WHAT YOU ARE ASKED TO DO:
Pull every line holding the word "Image" from the data below and copy it.

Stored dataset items

※

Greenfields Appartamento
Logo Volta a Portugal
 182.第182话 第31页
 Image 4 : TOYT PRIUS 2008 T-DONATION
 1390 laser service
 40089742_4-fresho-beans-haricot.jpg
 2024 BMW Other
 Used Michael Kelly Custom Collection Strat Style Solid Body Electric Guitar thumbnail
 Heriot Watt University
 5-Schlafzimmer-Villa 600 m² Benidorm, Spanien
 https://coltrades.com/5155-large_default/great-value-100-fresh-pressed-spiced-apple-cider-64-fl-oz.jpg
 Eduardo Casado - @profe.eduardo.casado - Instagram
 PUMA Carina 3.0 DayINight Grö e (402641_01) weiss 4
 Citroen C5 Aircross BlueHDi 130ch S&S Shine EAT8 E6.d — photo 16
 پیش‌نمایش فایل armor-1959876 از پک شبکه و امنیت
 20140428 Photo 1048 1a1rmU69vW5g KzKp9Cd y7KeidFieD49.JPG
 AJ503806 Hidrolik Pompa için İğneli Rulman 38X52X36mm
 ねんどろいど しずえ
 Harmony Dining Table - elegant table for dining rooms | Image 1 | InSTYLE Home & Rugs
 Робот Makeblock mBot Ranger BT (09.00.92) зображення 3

※

COMPLETED EXERCISE:
 Image 4 : TOYT PRIUS 2008 T-DONATION
 Harmony Dining Table - elegant table for dining rooms | Image 1 | InSTYLE Home & Rugs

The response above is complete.